Exactly-once semantics guarantees that each record in a data pipeline is processed exactly one time, producing the same result as if no failures occurred. Achieving this in distributed systems requires coordinating source offsets, processing state, and sink writes atomically -- a challenge solved by techniques like idempotent producers, transactional sinks, and distributed snapshots.

Overview

In distributed data processing, failures are not exceptional -- they are routine. Network partitions, process crashes, disk failures, and deployment restarts interrupt processing regularly. When a failure occurs, the system must decide: replay the failed records (risking duplicates) or skip them (risking data loss). The three delivery semantics -- at-most-once, at-least-once, and exactly-once -- represent different answers to this trade-off.

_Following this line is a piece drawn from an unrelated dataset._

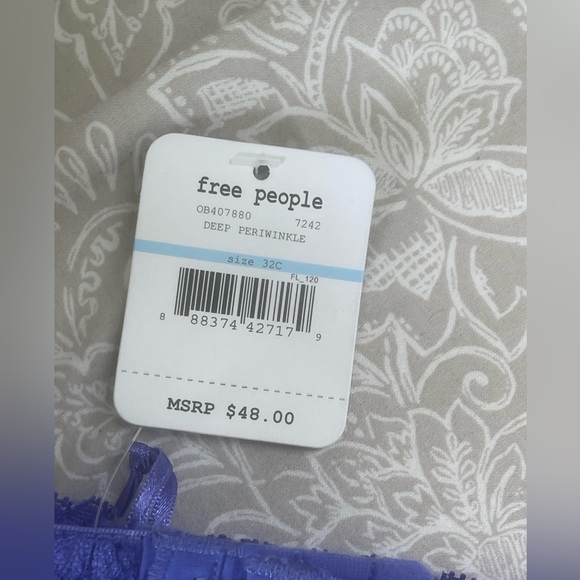 Free People Intimates & Sleepwear Free People Love Letters Bra, Size 32c - Picture 7 of 7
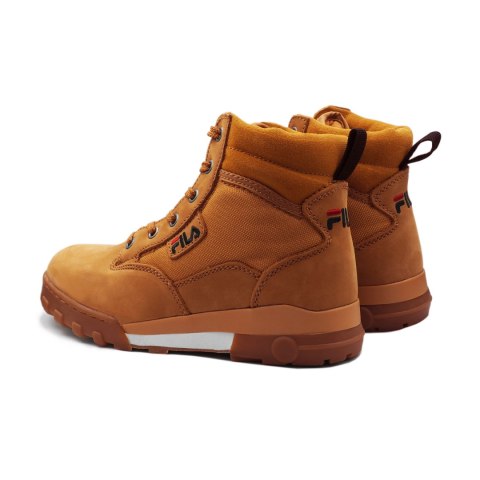 Buty damskie Fila Grunge II mid brązowe FFW0217 23015 Buty damskie Fila Grunge II mid brązowe FFW0217 23015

**At-most-once**: the producer sends each message once and does not retry on failure. Simple and fast, but messages can be permanently lost. Suitable only for non-critical data like debug logs or ephemeral metrics. **At-least-once**: the producer retries until the consumer acknowledges receipt. No data loss, but the same message may be delivered multiple times. This is the default for most messaging systems (Kafka, SQS, RabbitMQ). **Exactly-once**: each message is processed exactly one time, producing the same result as if no failures occurred. This is what financial systems, billing pipelines, and inventory management require.

True exactly-once in a distributed system requires **atomically coordinating three things**: (1) the source offset (which records have been consumed), (2) the processing state (aggregation counters, window contents), and (3) the sink output (what has been written downstream). If any of these is committed without the others, inconsistency results. Flink solves this with the **Chandy-Lamport distributed snapshot** algorithm: a barrier flows through the data stream, and when all operators have received the barrier, a consistent checkpoint of all state and source offsets is atomically committed. On failure, the system restores from the last checkpoint and replays from the saved source offset.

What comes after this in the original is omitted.